The anti-aliasing filter can be tested with a low-distortion sine wave generator, while using the ADS127L21EVM-PDK-GUI is used to collect data.

The results shown in Figure 2-8 and Figure 2-9 are sound responses across varying frequencies and PGA855 gains. Figure 2-9 shows that harmonic noise gets worse at higher frequencies, only jumping back down when the signal is close to the cutoff. As for SNR, the noise floor is comparable across gains at 100kHz and 200kHz but at frequencies at 100kHz and below, the high gain signals are noisier than unity or low gain signals. This makes sense since the input signal before high gain filters need to be small to reach the same output at the PGA855.

Figure 2-8 SNR

Figure 2-9 THD

Magnitude is an extremely important measurement to confirm the new cut off frequency which was predicted by the simulations. This can be seen best in the graph seen in Figure 2-10. This shows not only a similar shape as the one seen in the Figure 2-3, but a cut off frequency well beyond the target frequencies.

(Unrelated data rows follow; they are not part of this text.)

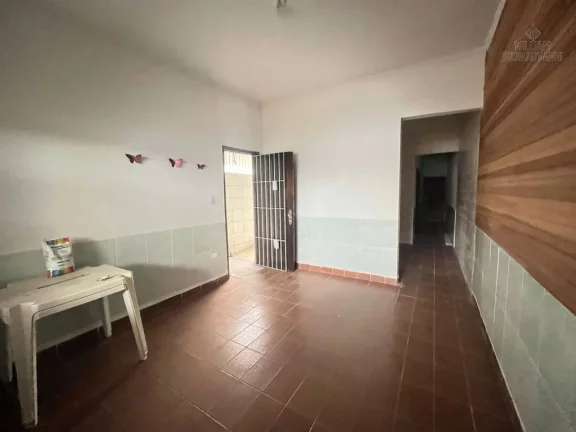 Imagem Casa Térrea 2 Dorms com Suíte, Churrasqueira e 2 Vagas – Caiçara
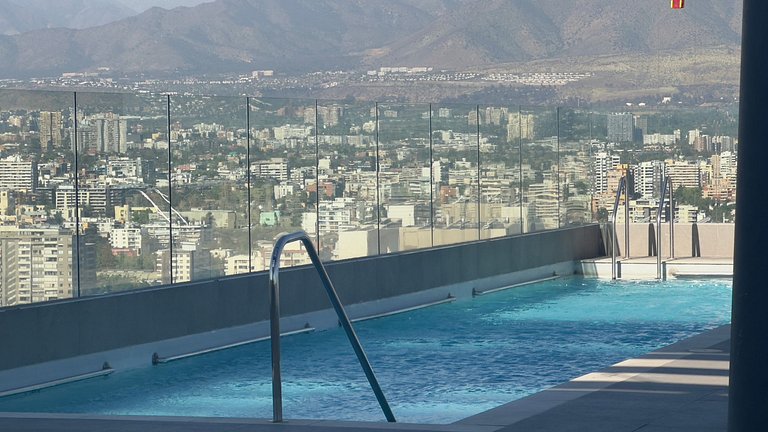 Apartment with excellent connectivity, Irarrázaval.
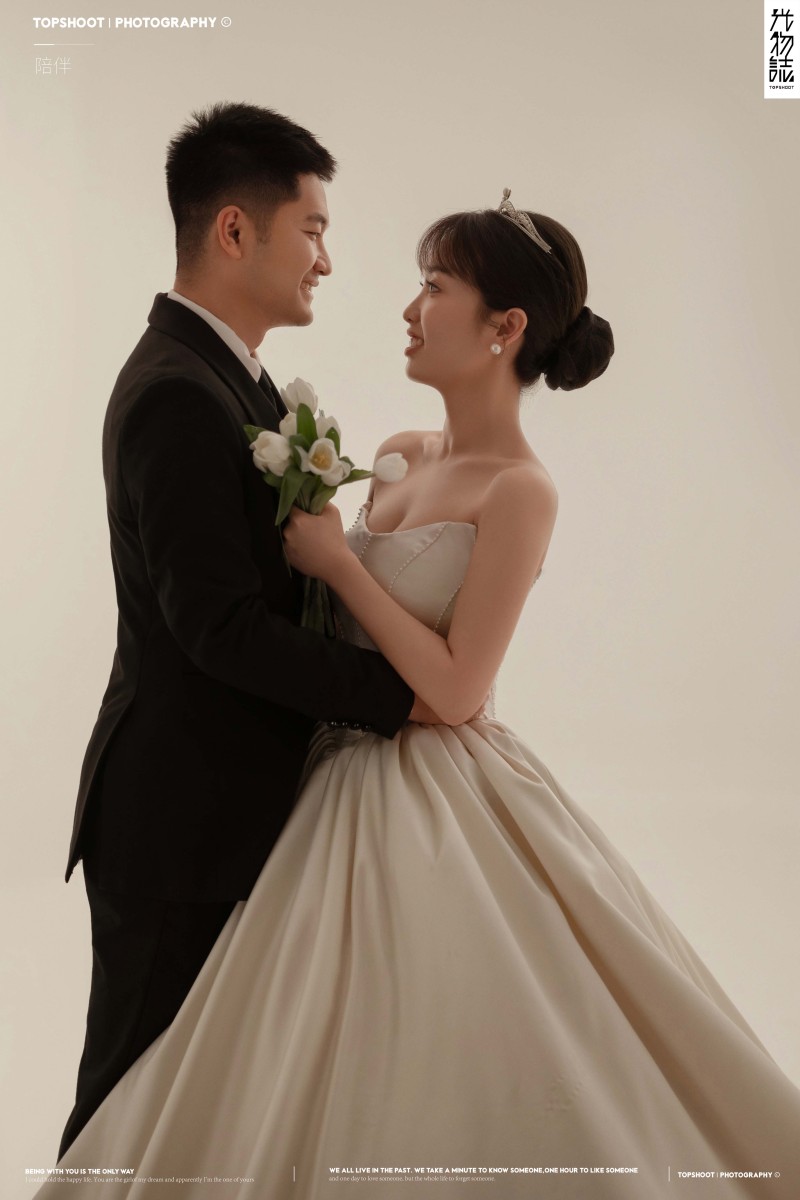 幸福感爆棚李少帅先生赵栩如女士极简棚拍婚纱照、极简棚拍、张俊杨Yinan、我想给你拍张照、婚纱照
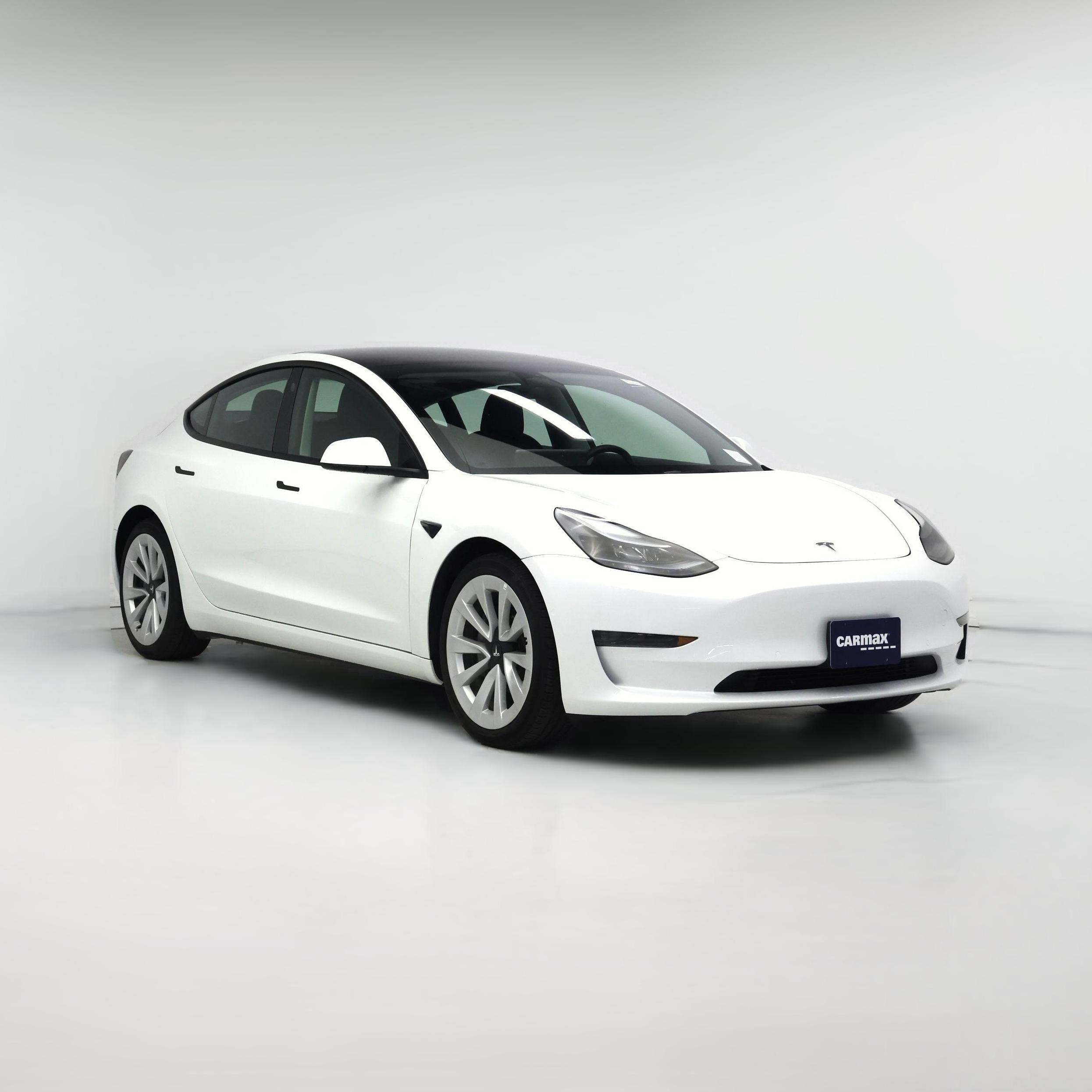 Thumbnail: 2022 Tesla Model 3 - 1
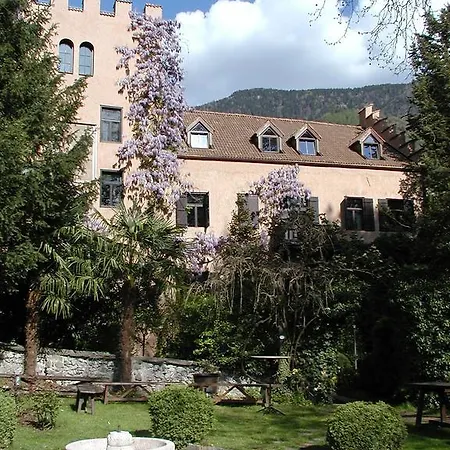 Schloss-castel Pienzenau - Guestrooms & - B&b-hotel & Restaurant Penzion 3*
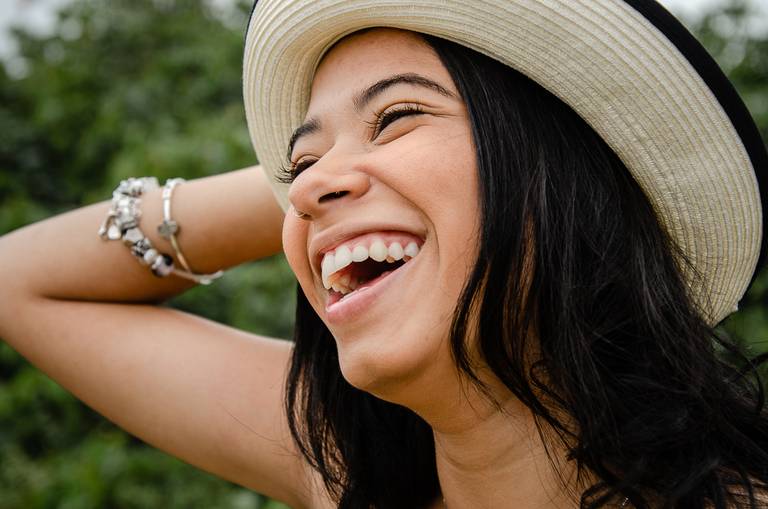 fotografia 15 anos - ensaio de 15 anos - ensaio na praia - menina usando chapéu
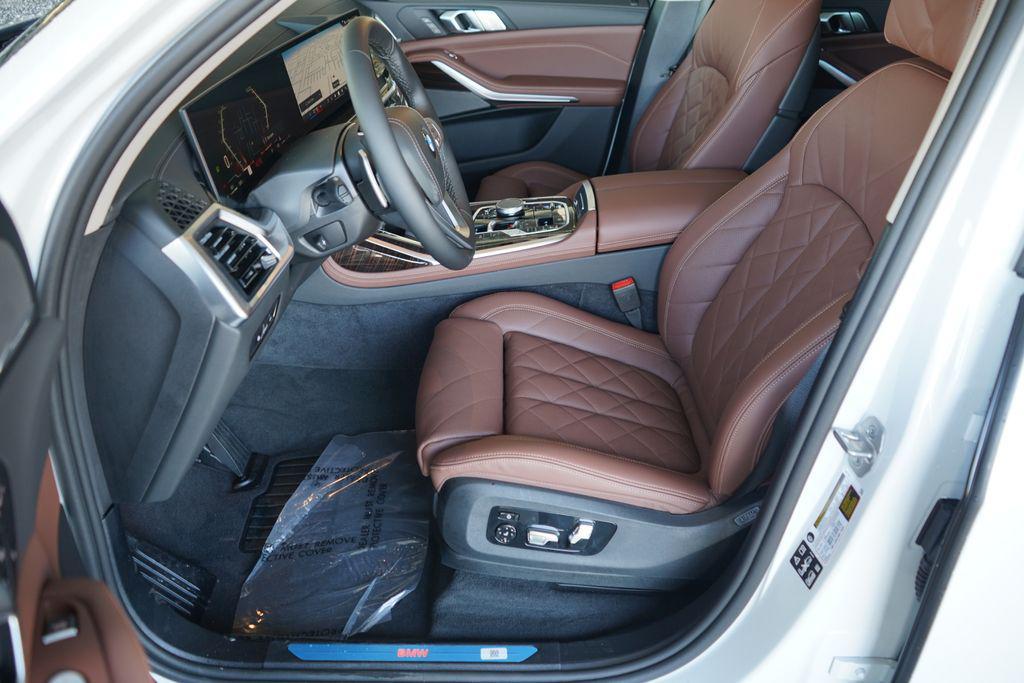new 2026 BMW X7 car, priced at $89,915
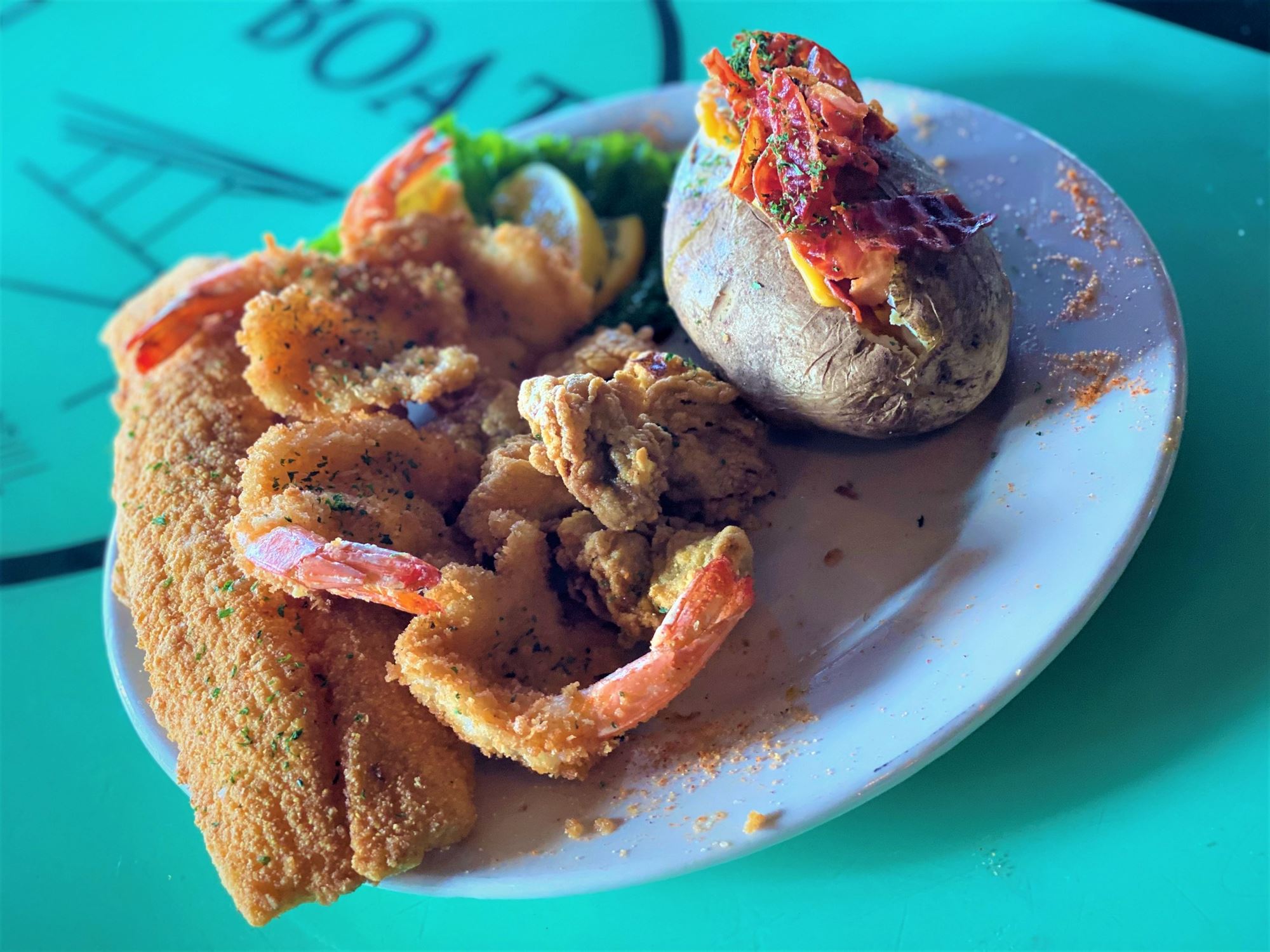 Guadalupe River Club Oyster Bar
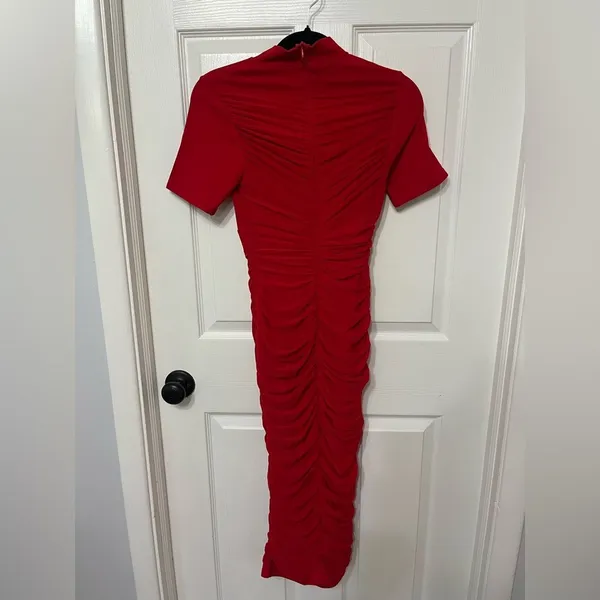 Mock neck ruched back zip maxi dress‎ short sleeve red size small - Image 4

Figure 2-10 Anti-Alias Filter Magnitude

The group delay was calculated from phase measurements across the bandwidth. Figure 2-11 shows that the group delay remains low across the entire bandwidth (the group delay was simulated on a microsecond scale, while it was measured on a nanosecond scale). This is consistent with the simulation in Figure 2-5, which showed that the change in delay across the entire signal chain was around 10ns from DC to 100kHz. A consistent delay allows the computer to consistently anticipate when the proper data can be received between the input and output of the DAQ system.

Figure 2-11 Group Delay of the Signal Chain (Normalized to 10kHz)